Anche questa considerazione va a favore dell'interpretazione per cui le condizioni dell'art. 5 e 7, d.lgs. n. 51/2018, per il caso dei dati particolari, sarebbero cumulative. Se, infatti, la previsione di una cornice legislativa che legittimi il trattamento per i compiti dell'autorità pubblica è elemento tanto essenziale da comportare, in caso di violazione dolosa, il configurarsi di un illecito penale, a maggior ragione tale requisito dovrà essere rispettato per i dati particolari, che presentano maggiori profili di rischio.

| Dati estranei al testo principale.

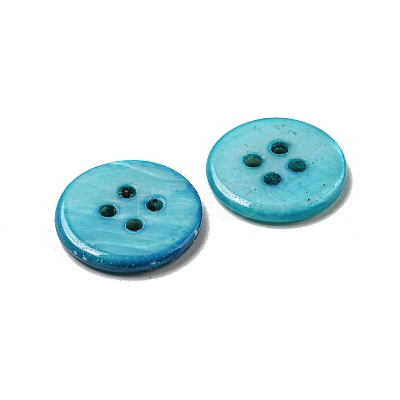 Freshwater Shell Buttons SHEL-C005-02B-1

Il Garante per la protezione dei dati personali ha dato parere negativo all'utilizzo da parte Ministero dell'Interno-Dipartimento della pubblica sicurezza del sistema di riconoscimento facciale SARI – real time, che, attraverso una serie di telecamere installate in un'area geografica predeterminata e delimitata, consentiva “di analizzare in tempo reale i volti dei soggetti ivi ripresi, confrontandoli con una banca dati predefinita per lo specifico servizio (denominata “watch-list”)”. Nel caso in cui fosse riscontrata, attraverso un algoritmo di riconoscimento facciale, una corrispondenza tra un volto presente nella watch-list ed un volto ripreso da una delle telecamere, il sistema era in grado di generare un alert per richiamare l'attenzione degli operatori. In tale caso, poiché il sistema aveva finalità di prevenzione di reati e minacce alla sicurezza pubblica e, anche su delega dell'Autorità Giudiziaria, di indagine, accertamento e perseguimento di reati, Il Garante ha ritenuto che rientrasse nel campo di applicazione del Decreto 51/2018 e che, comportando un trattamento di dati biometrici, dovesse rispettare le condizioni di cui all'art. 7 dello stesso, essendo possibile solo se “specificamente previsto dal diritto dell'Unione europea o da legge o, nei casi previsti dalla legge, da regolamento”. Orbene, il Garante ha evidenziato che “nella documentazione fornita dal Ministero dell'Interno e tra le fonti normative da questo indicate non si rinviene alcuna disposizione specifica che consenta tale tipo di trattamento” e ha quindi dato parere negativo, avvertendo il Titolare che “il trattamento dei dati biometrici tramite il sistema Sari Real Time, appare non conforme alla disciplina di cui al Decreto, in mancanza di adeguate e specifiche disposizioni normative legittimanti” [GPDP, Parere sul sistema Sari Real Time – 25 marzo 2021 – doc. web n. 9575877]

Sanzioni

Per la violazione dell'articolo in esame l'art. 42 d.lgs. n. 51/2018 prevede la sanzione amministrativa pecuniaria da 50.000 a 150.000 Euro.

Inoltre, nel caso in cui il trattamento di dati personali in violazione di quanto disposto dall'art. 7 sia posto in essere al fine di trarne per sé o per altri profitto o di recare ad altri un danno, e dal fatto derivi nocumento, allora sarà configurabile anche l'ipotesi di illecito penale prevista dall'art. 43 comma 2 d.lgs. n. 51/2018 (trattamento illecito di dati), punita con la reclusione da uno a tre anni.